まず、今回の作戦行程での最重要目標でありました、通信装置の打ち上げは成功。機能開始を確認いたしました。詳しくは、源内師範に――」
合議に使われているのは、食堂の調理場とは反対側の隅だ。和邇号の艦内ははそれなりに広いが、水上船ほど空いているスペースはない。そのために食堂をパーティションで区切り、合議室としている。
「うむ。水素を用いた気球により、約39,000メートルまで上昇。その後、ロケットモータに点火して、予定の軌道に投入された。
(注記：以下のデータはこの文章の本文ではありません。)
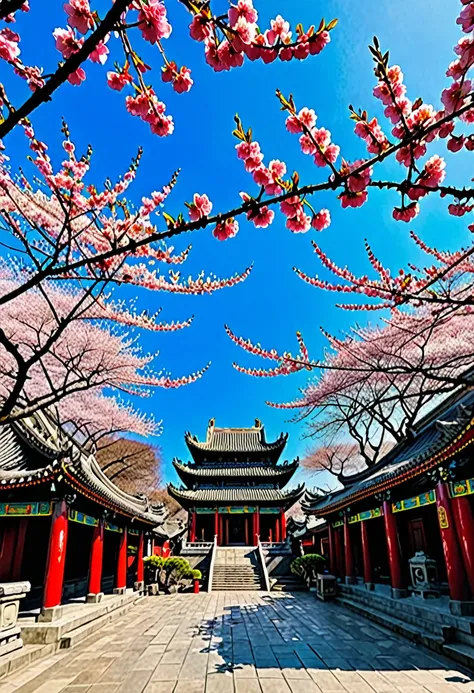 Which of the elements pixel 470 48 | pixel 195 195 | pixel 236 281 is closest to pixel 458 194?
pixel 470 48

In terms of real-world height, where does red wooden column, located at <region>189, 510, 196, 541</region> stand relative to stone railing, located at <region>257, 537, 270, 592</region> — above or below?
above

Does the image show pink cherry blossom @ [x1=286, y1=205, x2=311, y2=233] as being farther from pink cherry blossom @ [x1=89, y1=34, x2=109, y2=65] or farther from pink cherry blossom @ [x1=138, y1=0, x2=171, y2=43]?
pink cherry blossom @ [x1=89, y1=34, x2=109, y2=65]

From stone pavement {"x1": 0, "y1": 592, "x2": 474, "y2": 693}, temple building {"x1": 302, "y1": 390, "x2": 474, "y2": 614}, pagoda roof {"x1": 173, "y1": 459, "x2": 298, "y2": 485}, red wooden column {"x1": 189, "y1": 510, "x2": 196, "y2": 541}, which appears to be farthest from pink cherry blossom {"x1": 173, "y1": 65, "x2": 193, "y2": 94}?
pagoda roof {"x1": 173, "y1": 459, "x2": 298, "y2": 485}

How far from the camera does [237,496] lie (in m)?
29.0

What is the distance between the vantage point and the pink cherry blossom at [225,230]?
2.94 meters

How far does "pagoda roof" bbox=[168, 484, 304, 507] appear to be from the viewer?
1117 inches

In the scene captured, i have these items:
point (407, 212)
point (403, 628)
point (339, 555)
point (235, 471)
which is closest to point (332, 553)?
point (339, 555)

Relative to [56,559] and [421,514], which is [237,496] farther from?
[56,559]

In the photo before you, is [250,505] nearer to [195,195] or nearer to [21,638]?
[21,638]

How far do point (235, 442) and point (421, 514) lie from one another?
24.9 meters

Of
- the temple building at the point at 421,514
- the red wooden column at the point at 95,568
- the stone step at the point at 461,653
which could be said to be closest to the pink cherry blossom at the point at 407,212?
the temple building at the point at 421,514

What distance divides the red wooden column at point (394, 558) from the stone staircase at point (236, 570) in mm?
11285

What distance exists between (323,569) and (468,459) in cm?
1243

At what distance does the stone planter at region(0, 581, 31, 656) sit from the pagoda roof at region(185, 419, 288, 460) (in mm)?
25820
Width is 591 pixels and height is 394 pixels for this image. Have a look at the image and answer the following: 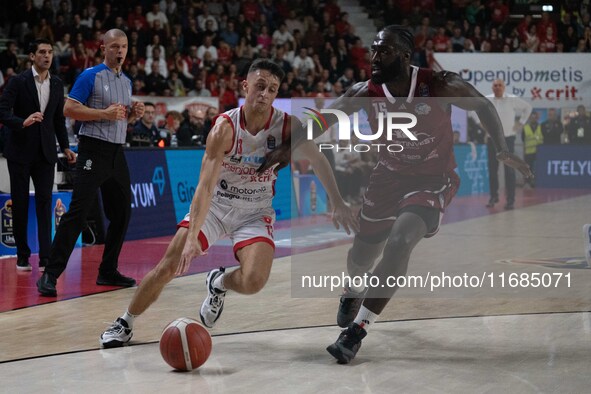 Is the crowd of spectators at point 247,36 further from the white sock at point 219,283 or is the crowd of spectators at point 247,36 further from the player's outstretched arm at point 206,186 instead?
the player's outstretched arm at point 206,186

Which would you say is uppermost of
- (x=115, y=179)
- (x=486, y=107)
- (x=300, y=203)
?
(x=486, y=107)

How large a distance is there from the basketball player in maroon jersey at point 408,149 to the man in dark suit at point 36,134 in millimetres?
3740

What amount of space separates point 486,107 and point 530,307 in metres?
1.95

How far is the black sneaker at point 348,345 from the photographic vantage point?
5.70 m

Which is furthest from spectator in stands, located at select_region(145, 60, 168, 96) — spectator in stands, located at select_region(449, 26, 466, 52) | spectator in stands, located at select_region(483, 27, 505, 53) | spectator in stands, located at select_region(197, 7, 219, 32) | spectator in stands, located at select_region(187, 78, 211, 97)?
spectator in stands, located at select_region(483, 27, 505, 53)

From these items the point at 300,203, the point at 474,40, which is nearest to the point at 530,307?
the point at 300,203

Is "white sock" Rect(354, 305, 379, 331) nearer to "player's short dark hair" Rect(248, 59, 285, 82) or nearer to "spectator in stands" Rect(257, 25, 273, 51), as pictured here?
"player's short dark hair" Rect(248, 59, 285, 82)

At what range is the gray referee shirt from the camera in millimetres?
8312

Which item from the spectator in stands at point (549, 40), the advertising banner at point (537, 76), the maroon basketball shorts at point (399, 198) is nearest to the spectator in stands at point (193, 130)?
the advertising banner at point (537, 76)

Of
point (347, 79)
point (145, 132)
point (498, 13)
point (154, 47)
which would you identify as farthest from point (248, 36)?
point (145, 132)

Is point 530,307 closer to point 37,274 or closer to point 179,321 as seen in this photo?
point 179,321

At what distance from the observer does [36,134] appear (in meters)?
9.38

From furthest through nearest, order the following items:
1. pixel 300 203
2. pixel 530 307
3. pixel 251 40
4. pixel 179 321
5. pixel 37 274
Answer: pixel 251 40 → pixel 300 203 → pixel 37 274 → pixel 530 307 → pixel 179 321

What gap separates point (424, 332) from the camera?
6.70 metres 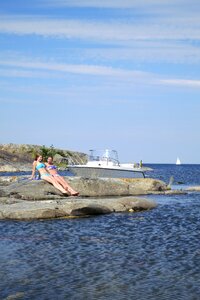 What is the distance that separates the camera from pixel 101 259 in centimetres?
1425

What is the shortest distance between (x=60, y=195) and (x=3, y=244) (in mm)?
13481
通信範囲は、太平洋の日付変更線を中心に、東西の海岸線付近を網羅する事になる。
これで竜宮からの通信は太平洋では、問題なく受信できるだろう」
「師範、1基で網羅できるのは、それだけか――」
艦長が発言した。
「はい。残念ながら、竜の民の技術でも魚人族の技術でも、限界があります。
昔の歴史資料には、この地球さえも離れることも出来たようですが、今は――」
「無い袖は振れないか……」
と、艦長のつぶやきに、お付きのフルが顔を上げた。
「何故我々の艦を利用するのでしょうか? 大西洋に関しては魚人族に任せられないのですか?」
「フル殿、残念ながらこの通信装置の設計でこの艦を前提にしております。あちらの船ではこの任務は務まりません」
「いわれなくても判っております、源内さん。
竜宮に到着後、整備と補充を終了後、再び和邇号は長期任務に出るのですよね」
「そのようになっております。今回の試験を元に、インド洋と大西洋に打ち上げますので――」
と、聞きながら竜の民のフルはイライラしはじめてきた。
それを察知して艦長が、
「何か問題でも? フル殿?」
「言仁様も……艦長はしばらく竜宮でお休みにならないのですか?」
「――残念ながら、その時間はありません」
「そうは分かっております。ですが、豊玉様も帰っていらしたばかりです。ぜひ、姫様とごゆっくりなされては――」
少し遠慮がちにフルは艦長に提案した。
「確かに、フタヒメ様には久しぶりの故郷です。ごゆっくりしていただきたいですが、この安徳はこの和邇号を預かる人間です。早急に、魚人族との通信網を構築する任務がありますので、残念なから――」
「豊玉姫のお気持ちは――」
「今は、個人的な利益に構っているわけにはまいりません」
そのまま艦長とフル女史はにらみ合って、合議が止まってしまった。
「もう、よろしいです!」
しばらくにらみ合いが続いていたが、フル女史は席を立ち上がると、そのまま不満をぶつけるように大きな足音を立てながら、出て行ってしまった。
「すまない……九郞、合議を進めてくれ」
「よろしいのですか?」
「――構わん」
「――はい。では、あのタコの怪異についてですが……ご意見を、バグ医師殿」
咳払いをすると、竜の民の医師バクが立ち上がった。
「現物を見たわけではないが……報告を元にすると、全長は70メートル程あると思われます。本体部分は40メートル程。魚人族からの提供情報である該当の怪異は、くらーけんなるものと推測できますが、あちらの情報ではイカと想像されています。ですが、今回の怪異はあきらかにタコのようでした」
「その情報はわたしも見た。だが、提供情報では脚しか確認出来ていなかったのではないか?」
「艦長の言うとおりです。今までの接触情報は脚のみだったと思われます。あちらの伝承で、イカのバケモノと推測されていたのでしょう」
「つまり……今回の怪異については、タコかイカかはどうでもいいと?」
「そうです。それよりも問題があります。
最初に接触していたのは、房総半島の南端沖。それが次の接触はダグラス礁沖です。1000キロも離れた場所に、我々に探知されずに追跡されてきたとなります」
「追いかけてきていたのは確かなのか?」
アゴに畳んだ扇をコツコツ当てながら、艦長は質問した。
その質問には、弁慶保安長が応える。
「蓑亀からの観測で、怪異の脚の本数が欠けておりました。タコなら脚が8本と思われます。しかし、魚人族に張り付いたのは7本。房総半島の南端沖で、こちらの自走機雷を受けた個体と同一と思われます」
房総半島沖で対峙した怪異と同一なら、潜航艇『蓑亀』号が放った自走魚雷で、脚を1本無くしている。和邇号から離れた蓑亀号が、それを目視で確認できたのであろう。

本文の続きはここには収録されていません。